El poema puede ser leído como una meditación lírica sobre la locura a partir de
la exploración de la imagen simbólica
del cuerpo desnudo. Así fue y es leído por muchos. Pero nadie sabe ni imagina
que, desde el fondo de mi historia mental lo, que propulsa la utilización de
esa imagen es mi ancestral fascinación por la desnudez masculina. Cuando yo
tenía apenas ocho años de edad, descubrí con estupor, en el vestuario de un
club playero, que la contemplación de los cuerpos desnudos que me rodeaban me producía
un enorme placer; tanto, que resonaba estrepitosamente a lo largo y ancho de mi
dermis `psíquica, determinando los que fue mi primera erección consciente. Unos
meses más tarde, deseando que aquella experiencia se repitiera, estando yo de
visita en la casa de un vecino y
compañero de juegos que casualmente se estaba bañando, no sé cómo me atreví a pedirle, hablándole detrás de la puerta del
baño, que me dejara verlo desnudo.
Para mi pasmo y maravilla él
consintió: salió y me llevó a su cuarto, se desprendió de la toalla que cubría
su cintura y se me mostró tal como yo lo deseaba, con el deleitable
detalle adicional de que su pene estuvo ante mis ojos, durante la
encapsulada eternidad de media hora,
completamente erecto. Un año después, convencí a dos amigos del colegio (¡mi
capacidad de persuasión siempre ha sido ilimitada, aun en estas zonas riesgosas
de la vida!) de que nos trasladáramos a la casa de uno de nosotros y nos
desnudáramos los tres. Así lo hicimos y en adelante proseguimos haciéndolo, no una sino varias veces.
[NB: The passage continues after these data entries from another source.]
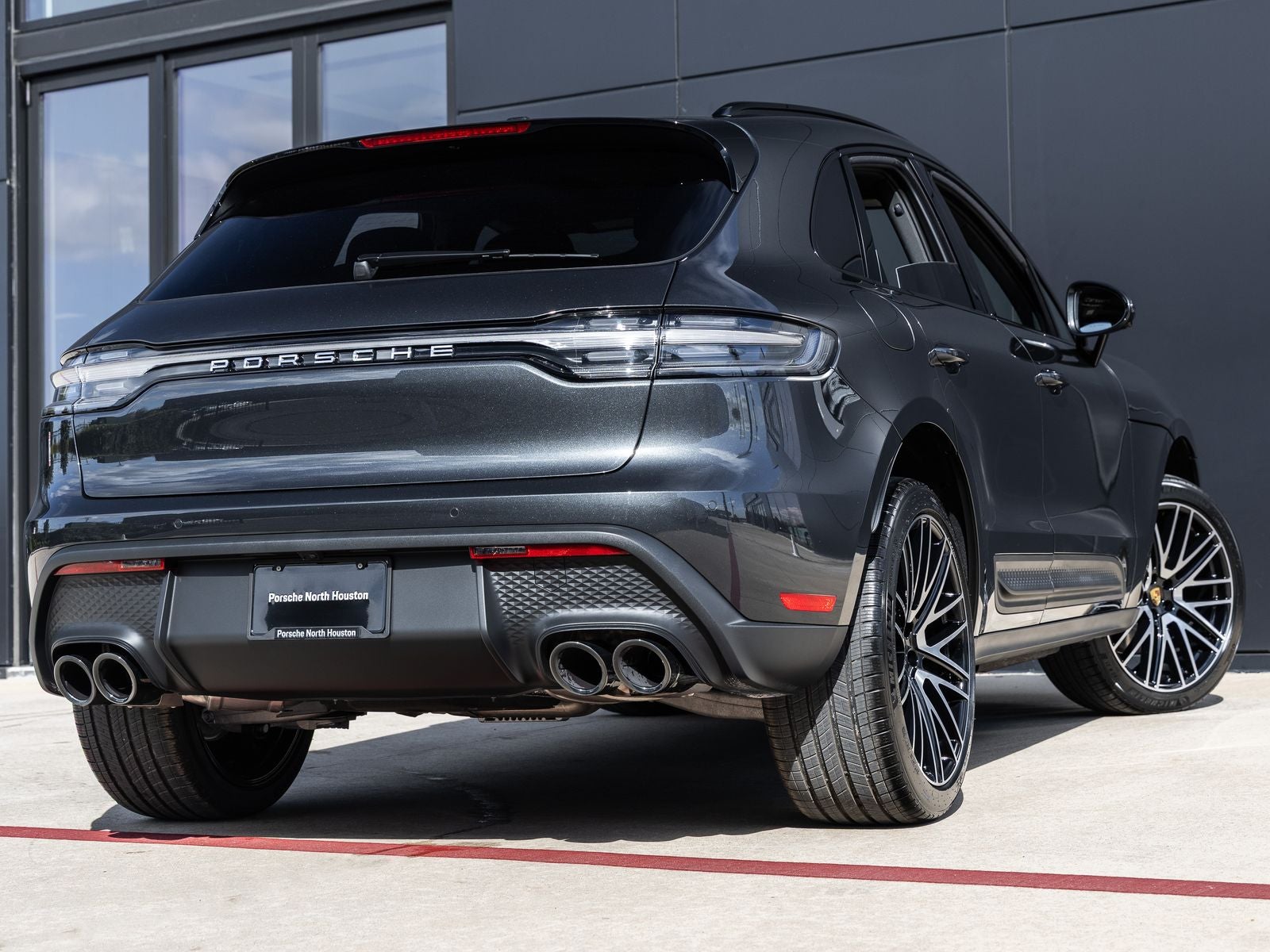 2026 Porsche Macan AWD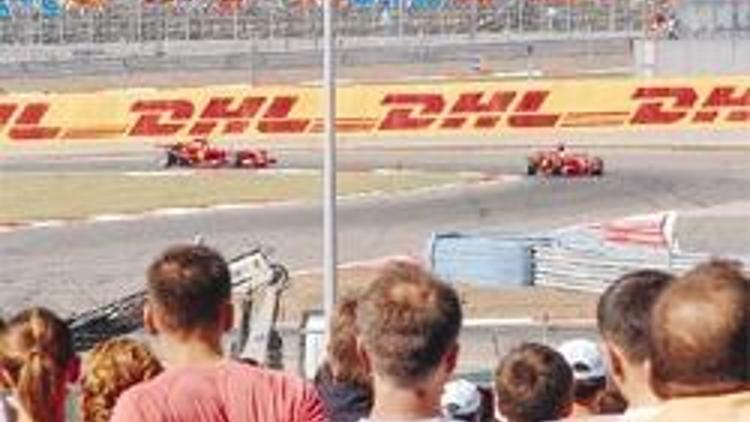 F1 pilotları İstanbul’da hayal kırıklığı yarattı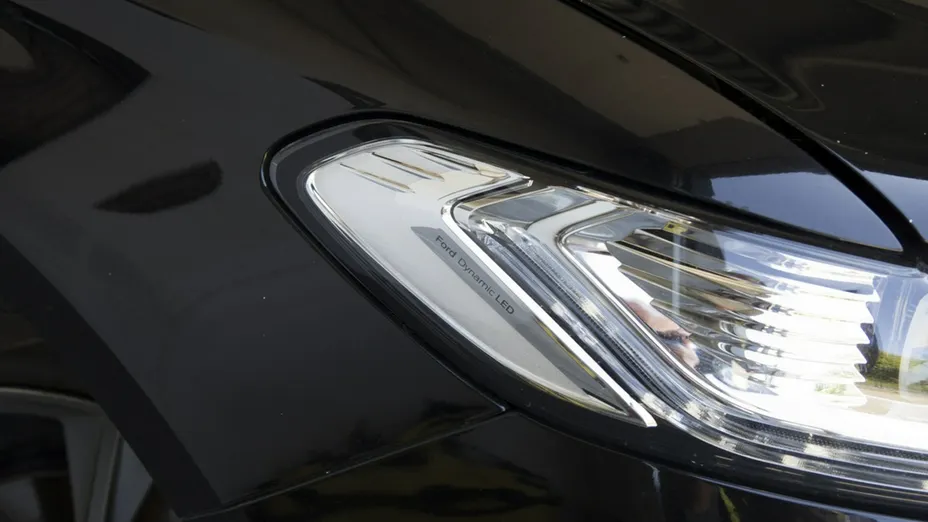 FORD Mondeo -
Innecesario decir, por obvio que yo siempre anhelaba reencontrar la asombrada y asombrosa voluptuosidad experimentada en aquel club de
la playa. Aun hoy, cuando me topo,
inesperadamente, con una película dentro de la cual aparece, de manera explícita
o insinuada, un desnudo masculino retrocedo la cinta en el DVD –de nuevo: no
una sino varias veces- para que el goce permanezca, se dilate y multiplique. En todos los actos sexuales que coprotagonizo, antes e incluso prescindiendo
de la felación y de la cópula anal, mi personal ceremonia iniciática, el rito
que logra mi trance extático, la liturgia sensorial a través de la cual accedo
al relámpago dichoso consiste en
contemplar con calma lentitud, con una opulenta parsimonia – opulenta porque es
un lujo visual que enjoya mi mirada- parsimonia
el cuerpo desnudo de mi compañero. A veces me es otorgado alcanzar el orgasmo
con esa demorada contemplación que nunca
se harta de sí misma. Y que, claro está, aunque vive focalizada por el esplendor
maduro del miembro viril, no lo atiende solo a él sino que recorre
sensitivamente toda la corporalidad deseada y amada: desde el cabello, los
parpados, las pestañas, el vello de las axilas y del pubis, la dulce curvatura
de las nalgas, las sombreadas columnas de las piernas, hasta la suavidad del
empeine y el talón: una festividad corpórea, un día feriado de la sensualidad,
que interrumpe toda la negatividad que acumula el polvo del tiempo, y lo
redime. En medio de este sabbath donde exultan los cinco sentidos, compruebo
que la gloria de Dios se sacramentaliza en la desnudez del cuerpo humano. Hay
que adiestrar los ojos en la escuela de un aprendizaje paulatino, que
compromete a todo el ser que lo emprende,
para percibir la adánica inocencia de esa desnudez. Percibirla y disfrutarla solo
le es dado al que se hace digno de la revelación de esa inocencia. Porque esta
es irrevocable promesa: “los limpios de corazón verán a Dios.”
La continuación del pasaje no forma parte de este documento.